### How to complete this task
Could you please transcribe the data exactly, without the pictures?

### Listed records
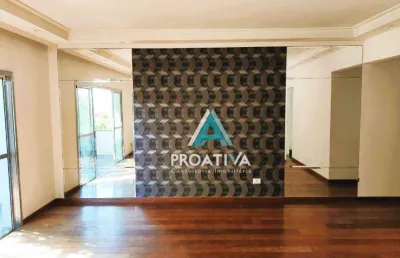 Apartamento à venda, 170 m² por r$ 680.000,00 - centro - santo andré/sp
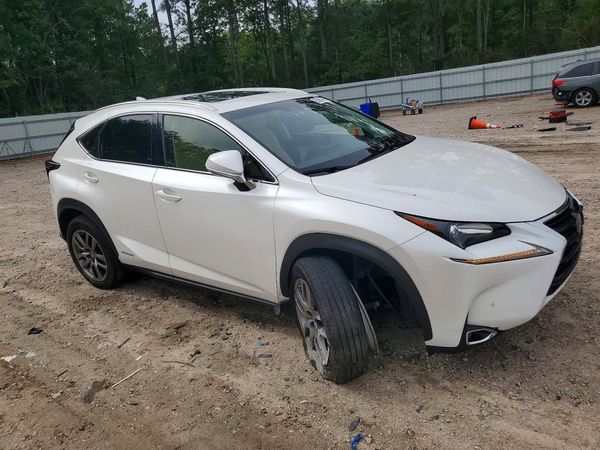2016 LEXUS NX 300h Luxury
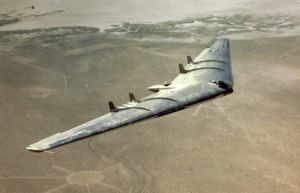 НЛО в небе: огромный самолет, который предпочли уничтожить сами создатели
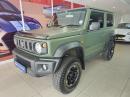 Thumbnail Suzuki Jimny 1.5 GLX AllGrip 3-door manual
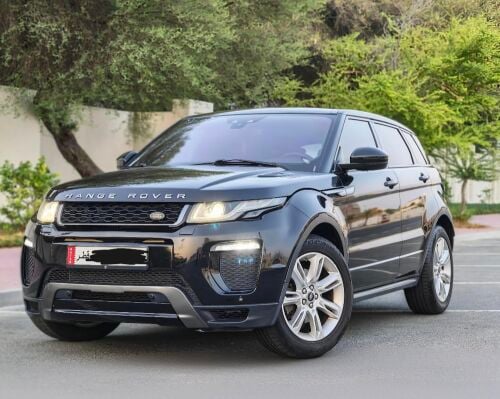 land Rover evoque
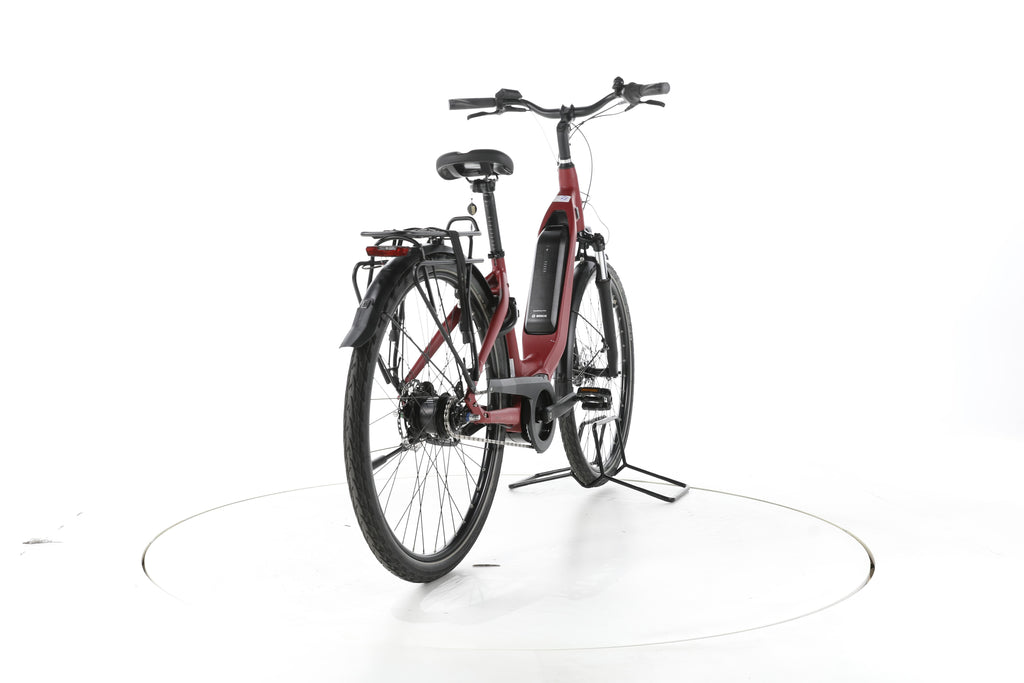 Velo de Ville AEB 400 City E-Bike Tiefeinsteiger 2023 - Image 11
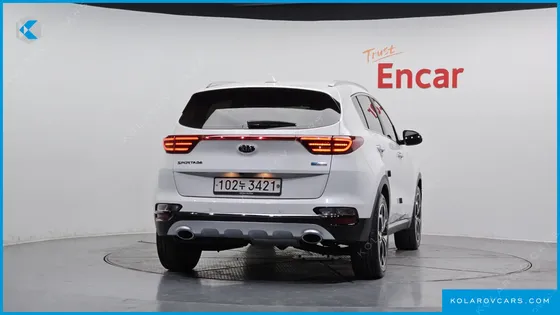 KIA SPORTAGE DIESEL 2.0 2WD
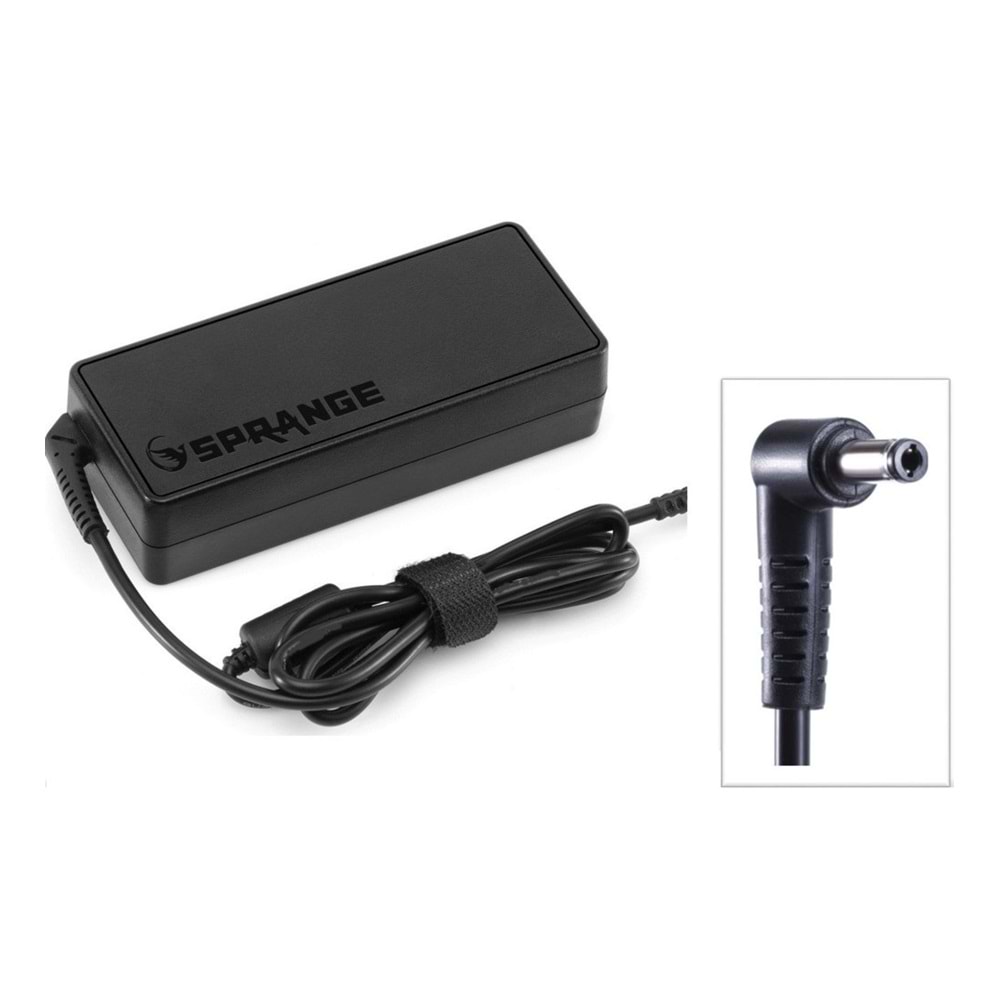SPRANGE SR-L29 12V 5A GÜVENLİK ADAPTÖRÜ (2.5MM*5.5MM)
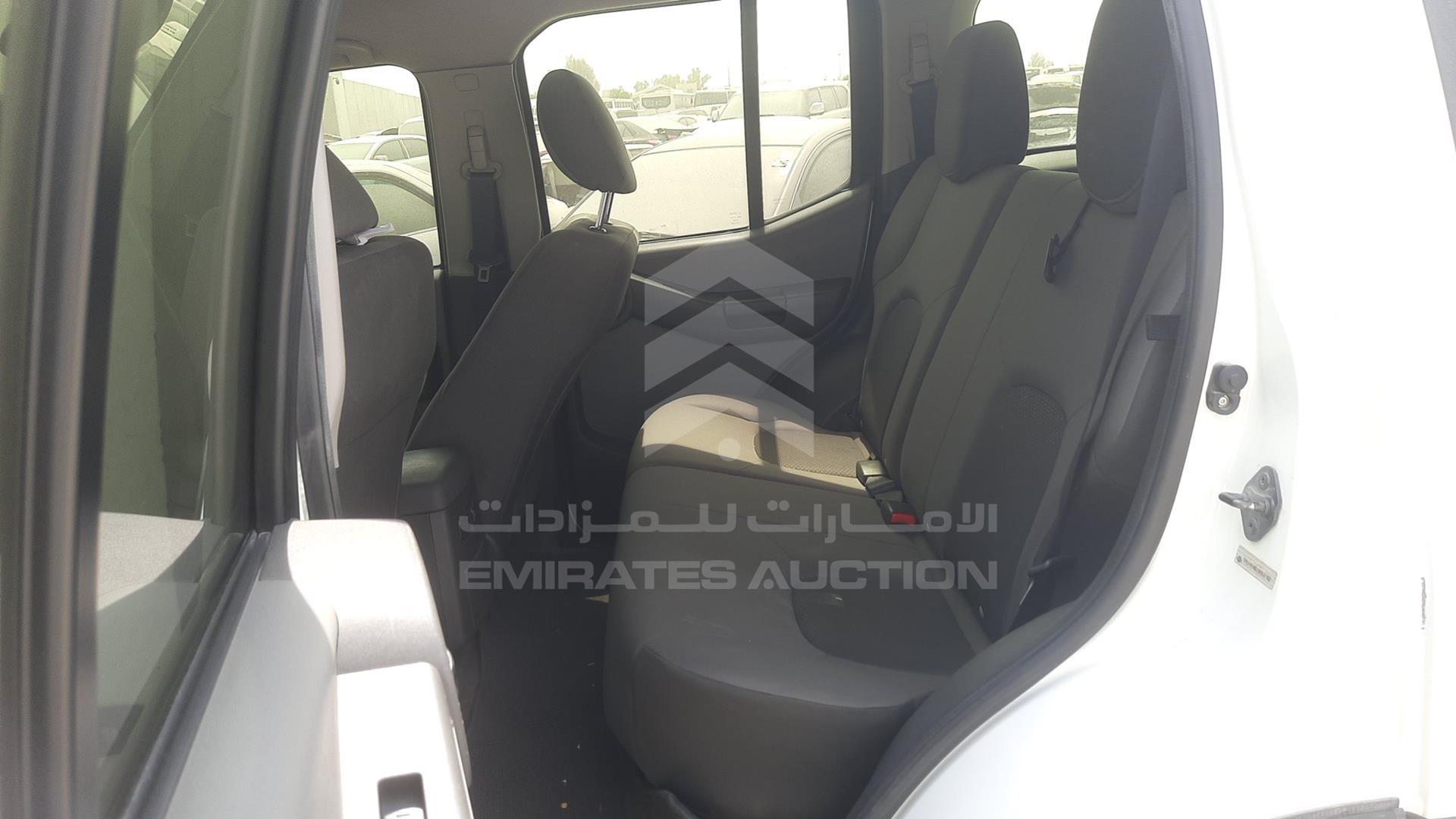 2013 NISSAN XTERRA VIN: 5N1AN0N61DN812382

### Solution to this problem
 Apartamento à venda, 170 m² por r$ 680.000,00 - centro - santo andré/sp
2016 LEXUS NX 300h Luxury
 НЛО в небе: огромный самолет, который предпочли уничтожить сами создатели
 Thumbnail Suzuki Jimny 1.5 GLX AllGrip 3-door manual
 land Rover evoque
 Velo de Ville AEB 400 City E-Bike Tiefeinsteiger 2023 - Image 11
 KIA SPORTAGE DIESEL 2.0 2WD
SPRANGE SR-L29 12V 5A GÜVENLİK ADAPTÖRÜ (2.5MM*5.5MM)
 2013 NISSAN XTERRA VIN: 5N1AN0N61DN812382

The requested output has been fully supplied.